Installed sierra this morning and couldn't believe that I had about 60gb free space after the installation - before it was about 30gb free. MacBook Air 2012 128GB.

I first thought maybe this has do to with the cloud outsourcing of languages, fonts etc.

I didn't go for the cloud optimization if disk space gets cramped.

Under "about this mac" where you can see your drives, it shows a block as "erasable" (actually don't know what it says in english, I'm from Germany) which is about 25GB. "Löschbar" in german.

Going to disk utility there is also an erasable-block and underneath it says free space only 35GB.
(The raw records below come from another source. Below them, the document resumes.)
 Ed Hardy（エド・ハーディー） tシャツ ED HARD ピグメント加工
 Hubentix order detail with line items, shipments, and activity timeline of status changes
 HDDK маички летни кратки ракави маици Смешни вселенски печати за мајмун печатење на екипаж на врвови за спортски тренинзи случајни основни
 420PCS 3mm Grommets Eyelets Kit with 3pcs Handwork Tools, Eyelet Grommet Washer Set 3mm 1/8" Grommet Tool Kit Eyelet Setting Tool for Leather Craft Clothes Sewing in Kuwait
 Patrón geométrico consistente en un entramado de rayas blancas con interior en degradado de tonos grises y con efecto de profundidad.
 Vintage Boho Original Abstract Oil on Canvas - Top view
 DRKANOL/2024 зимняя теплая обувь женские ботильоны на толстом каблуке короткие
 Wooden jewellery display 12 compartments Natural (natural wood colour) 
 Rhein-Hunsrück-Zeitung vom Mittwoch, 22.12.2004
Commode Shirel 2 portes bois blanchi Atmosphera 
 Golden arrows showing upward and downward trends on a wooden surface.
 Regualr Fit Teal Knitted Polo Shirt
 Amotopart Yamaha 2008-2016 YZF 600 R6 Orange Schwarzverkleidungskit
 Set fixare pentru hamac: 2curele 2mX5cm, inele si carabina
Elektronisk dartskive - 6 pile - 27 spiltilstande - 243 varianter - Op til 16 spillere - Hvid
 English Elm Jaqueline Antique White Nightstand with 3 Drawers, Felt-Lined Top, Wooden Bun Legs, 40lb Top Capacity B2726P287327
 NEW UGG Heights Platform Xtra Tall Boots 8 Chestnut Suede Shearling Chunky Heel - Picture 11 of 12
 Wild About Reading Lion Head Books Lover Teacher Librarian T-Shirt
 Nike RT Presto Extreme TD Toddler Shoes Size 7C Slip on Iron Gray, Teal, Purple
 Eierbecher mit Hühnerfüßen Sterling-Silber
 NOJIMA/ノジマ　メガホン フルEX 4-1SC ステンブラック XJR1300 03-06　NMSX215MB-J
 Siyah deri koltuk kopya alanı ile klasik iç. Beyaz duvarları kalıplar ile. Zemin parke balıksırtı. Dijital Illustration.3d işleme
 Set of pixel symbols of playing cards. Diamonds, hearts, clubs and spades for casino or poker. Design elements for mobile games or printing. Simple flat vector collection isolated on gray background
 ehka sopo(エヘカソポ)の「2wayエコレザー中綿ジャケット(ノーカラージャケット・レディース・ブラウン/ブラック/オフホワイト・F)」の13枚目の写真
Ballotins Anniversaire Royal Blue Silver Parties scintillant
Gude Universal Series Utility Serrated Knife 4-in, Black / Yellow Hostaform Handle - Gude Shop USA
What i want to point out is that the free disk space of my macintosh hd on my desktop is not the actual free disk space which I find very annoying. I don't want to outsource everything to iCloud and get rid off my data redundancy.

Check out the screenshot.
d44e681567ab77c91390d80747cb8f8d.jpg


What do you think about this? Am I missing something?

Total BS!
 

iubhounds

macrumors regular
Nov 29, 2010
169
9
I have a MacBook Air 2015 128GB and updated to Sierra two night ago. I did not see any changes in the amount of hard drive I had available. Out of curiosity I did check that right before the upgrade. My free amount of iCloud Storage was the same +/- a few Mb.
 

koerk

macrumors regular
Original poster
Dec 14, 2013
134
19
I have a MacBook Air 2015 128GB and updated to Sierra two night ago. I did not see any changes in the amount of hard drive I had available. Out of curiosity I did check that right before the upgrade. My free amount of iCloud Storage was the same +/- a few Mb.
Interesting... but the free amount of iCloud storage didn't change on my mac either - that's not the problem.
 

Rok73

macrumors 65816
Apr 21, 2015
1,161
518
Planet Earth
"Löschbar" is called purgeable in English in that case. I think the purgeable storage space will be freed up in case you fall short of overall storage, meaning macOS will only delete those files if this occurs. Could be photos which are stored locally and are saved in iCloud in original resolution as well, cache files, log files etc.
 

koerk

macrumors regular
Original poster
Dec 14, 2013
134
19
"Löschbar" is called purgeable in English in that case. I think the purgeable storage space will be freed up in case you fall short of overall storage, meaning macOS will only delete those files if this occurs. Could be photos which are stored locally and are saved in iCloud in original resolution as well, cache files, log files etc.
Okay that starts to make sense, my iCloud Photo Library on disk is about 27GB and I have optimized storage turned on. So it could in case of low storage shrink the library resulting in the gain of storage it is showing me now.